The filmmaker was one of Spain’s most renowned filmmakers alongside Luis Buñuel and Pedro Almodóvar.
The Spanish Cinema Academy said the director had died at his home surrounded by loved ones and described him as “one of the most important filmmakers in the history of Spanish cinema.”
Saura began his filmmaking career in the 1950s making short documentaries.

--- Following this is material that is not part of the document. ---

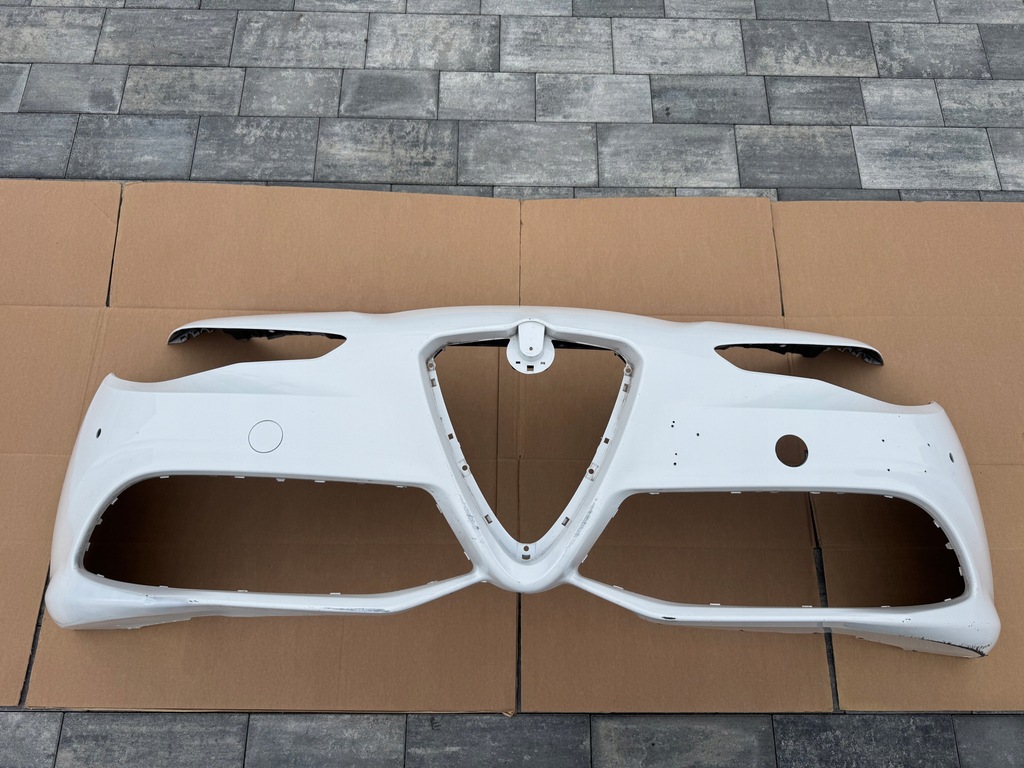 фото №1, Бампер перед alfa romeo giulia veloce pdc оригінал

He broke out internationally with The Hunt, which world premiered at the Berlin Film Festival in 1966, winning the Silver Bear for Best Director. The drama tackled the legacy of the Spanish Civil War through the tale of three middle-age veterans as they reminisce about their experiences while on a rabbit-hunting trip. Sam Peckinpah described it as a classic of Spanish cinema and a major influence on his work.
Born on January 4, 1932, in Huesca in northeastern Spain, Saura was just 4 years old when the Spanish Civil War broke out.
His early childhood was profoundly impacted by the ravages of the conflict, and later he also gained a reputation as a brave critic of the Franco regime, using symbolism and allegory in his films to avoid censorship.
He became a regular at Berlin, winning the Golden Bear for Deprisa, Deprisa in 1981 after having clinched a second Silver Bear in 1967 for Peppermint Frappé.
Saura was also a Cannes regular but never won its coveted Palme d’Or.
He made his debut there in 1960 with The Delinquents and went in to win the Jury Prize for La Prima Angélica in 1974, the Grand Prize of the Jury for Cria Cuervos in 1976 and the now-defunct Grand Prix Technique for his Oscar-nominated Carmen in 1983 — his Flamenco-style adaptation of Prosper Mérimée’s novel using music from Georges Bizet’s opera.
He also went down in the annals of Cannes history when the screening of Peppermint Frappé in 1968 was disrupted by a group of New Wave directors led by François Truffaut and Jean-Luc Godard who burst into the auditorium, demanding that it be stopped out of solidarity for the popular worker and student protests.
An account of the event on the Cannes website recounts that Saura “graciously agreed to have his film ‘stand aside to make way for the revolution.'”
Saura never retired and his film The Walls Can Talk (Las paredes hablan) premiered at San Sebastian in September. However, the director had to abandon his plans to attend the screening after he suffered a minor fall.
The documentary explored the evolution and relationship of art with walls as a creative canvas, from prehistoric art on cave walls to contemporary urban art, through Saura’s singular point of view.